> [EXERCISE PROMPT]: All records below should be repeated exactly, with the pictures left out.

> [RECORDED INFORMATION]:
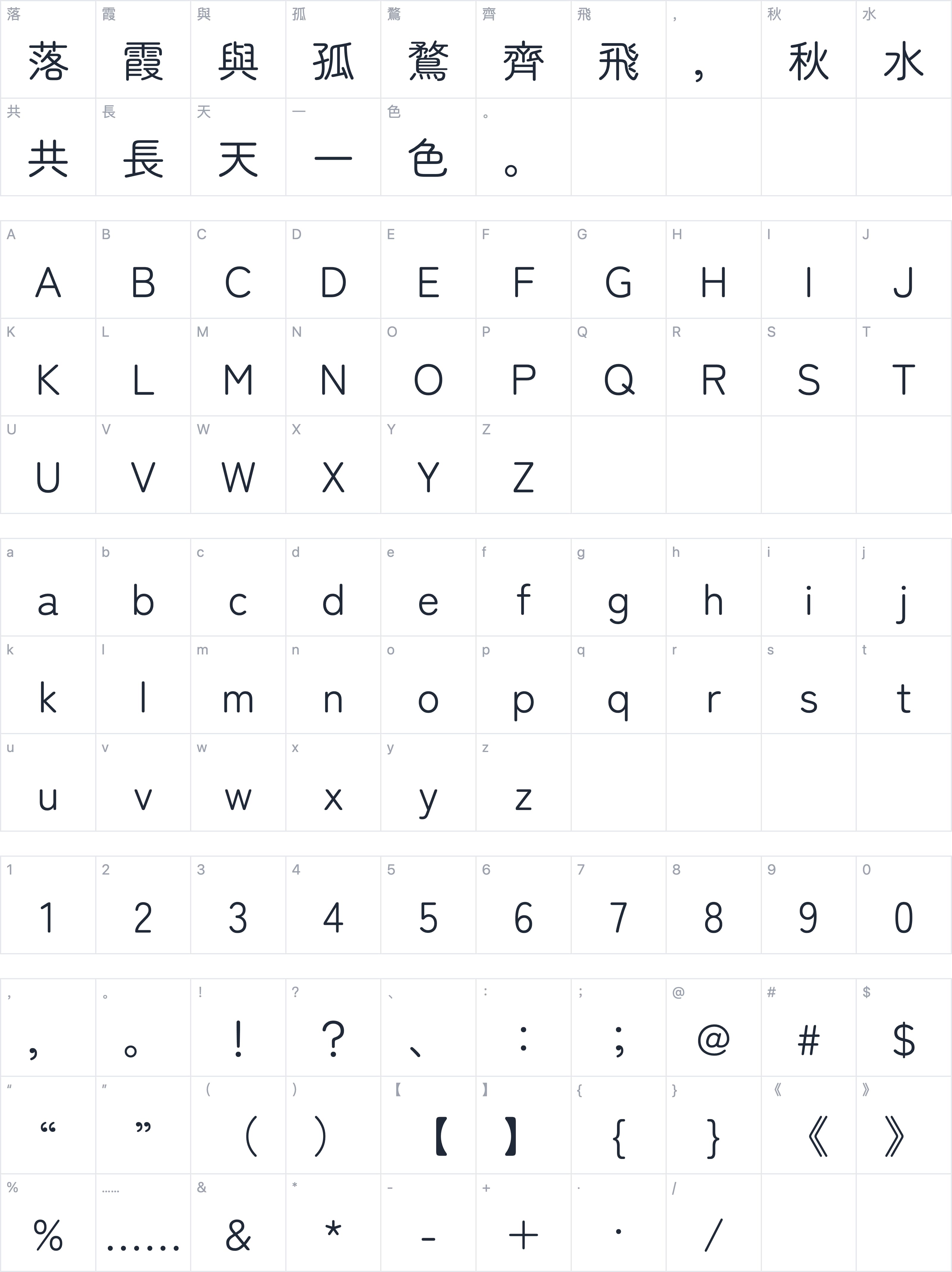 Zen Maru Gothic字符映射图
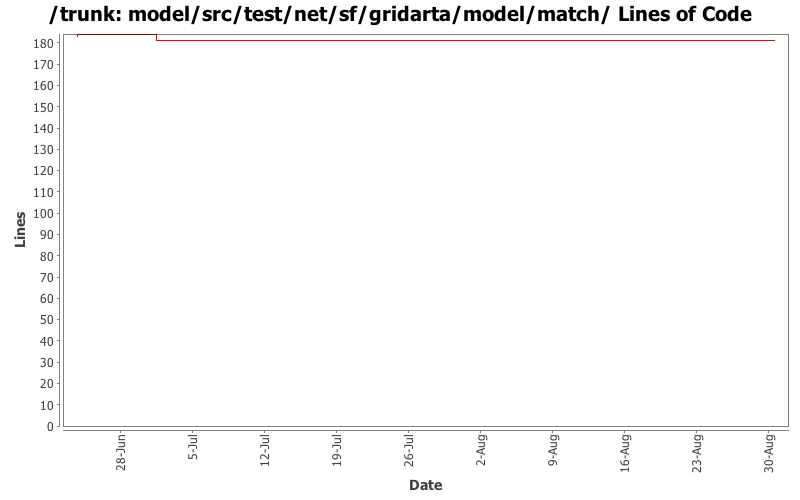 model/src/test/net/sf/gridarta/model/match/ Lines of Code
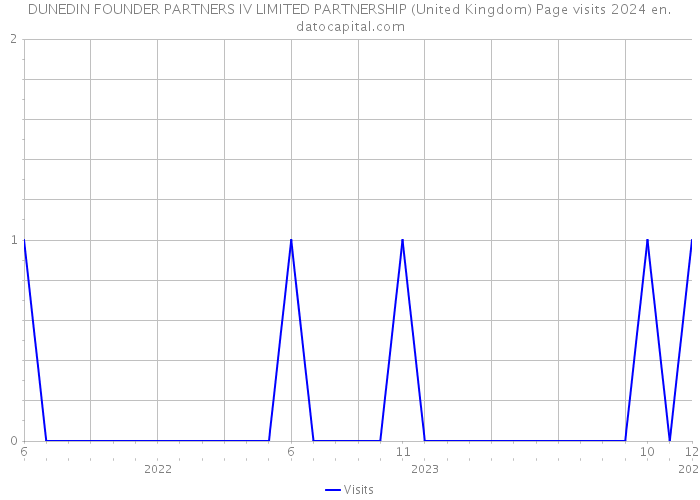 DUNEDIN FOUNDER PARTNERS IV LIMITED PARTNERSHIP (United Kingdom) Page visits 2024 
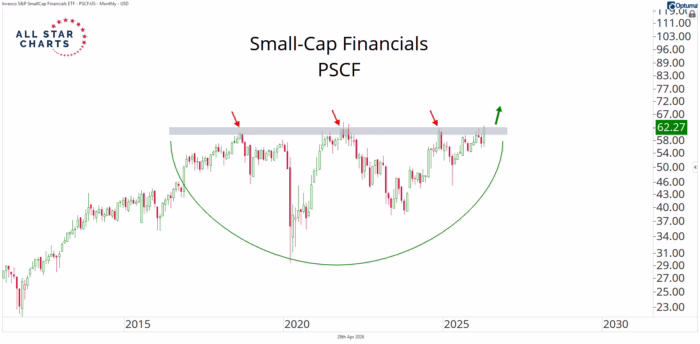 Chart Advisor: The One Chart That Will Confirm (or Kill) the Small-Cap Breakout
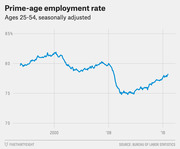 Line chart showing the prime-age employment rate for ages 25-54, seasonally adjusted, from the early 1990s through 2016, with a sharp drop during the 2008 recession.
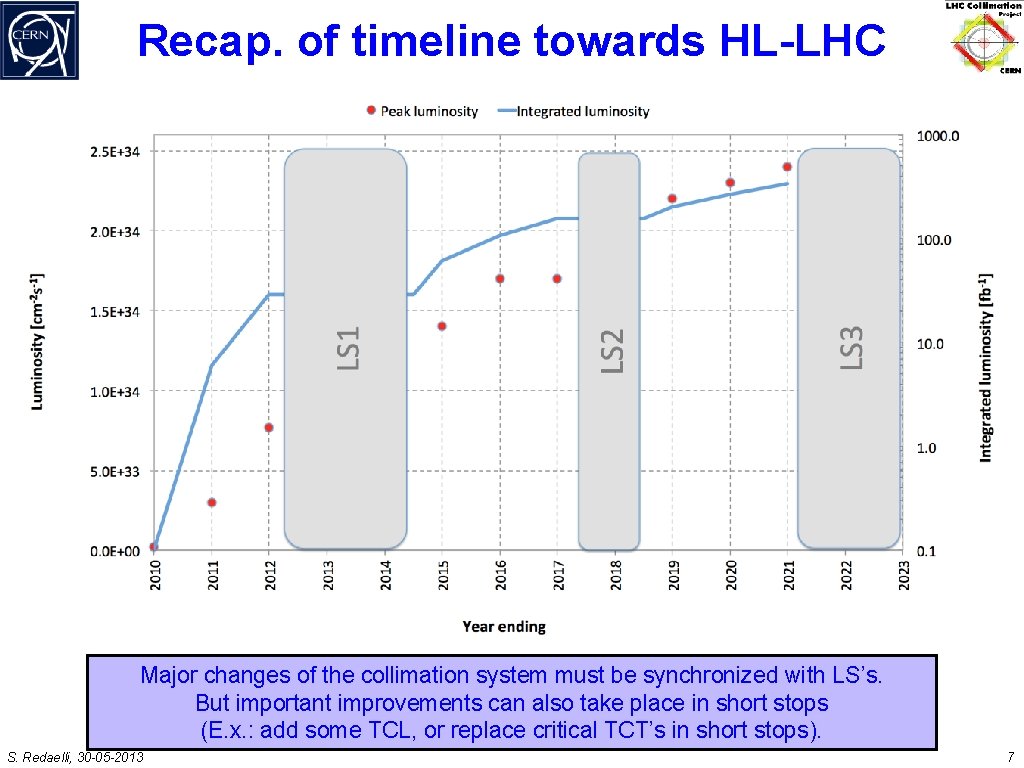 Recap. of timeline towards HL-LHC Major changes of the collimation system must be synchronized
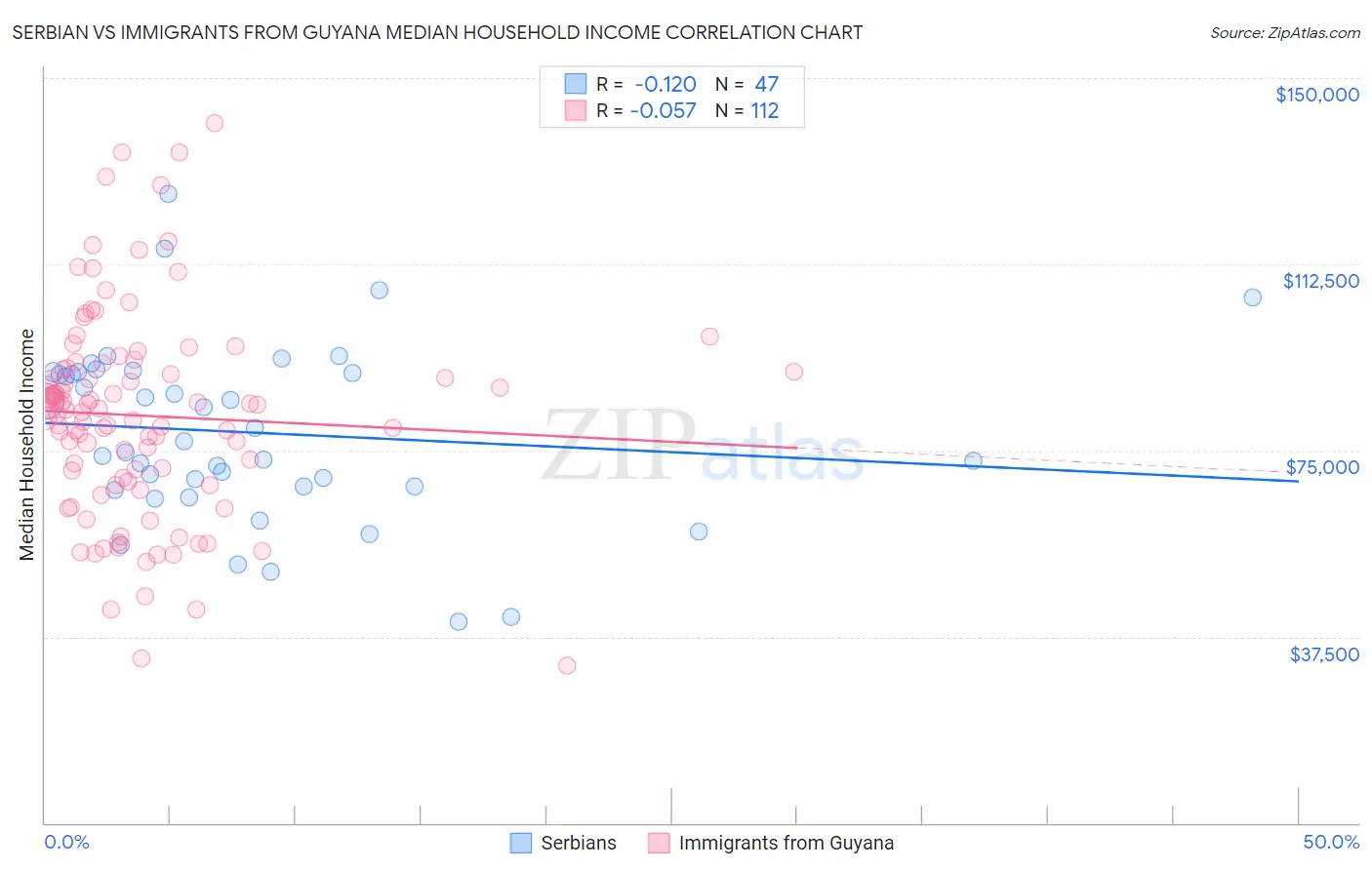 Serbian vs Immigrants from Guyana Median Household Income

> [REPLY]:
 Zen Maru Gothic字符映射图
 model/src/test/net/sf/gridarta/model/match/ Lines of Code
 DUNEDIN FOUNDER PARTNERS IV LIMITED PARTNERSHIP (United Kingdom) Page visits 2024 
 Chart Advisor: The One Chart That Will Confirm (or Kill) the Small-Cap Breakout
 Line chart showing the prime-age employment rate for ages 25-54, seasonally adjusted, from the early 1990s through 2016, with a sharp drop during the 2008 recession.
 Recap. of timeline towards HL-LHC Major changes of the collimation system must be synchronized
 Serbian vs Immigrants from Guyana Median Household Income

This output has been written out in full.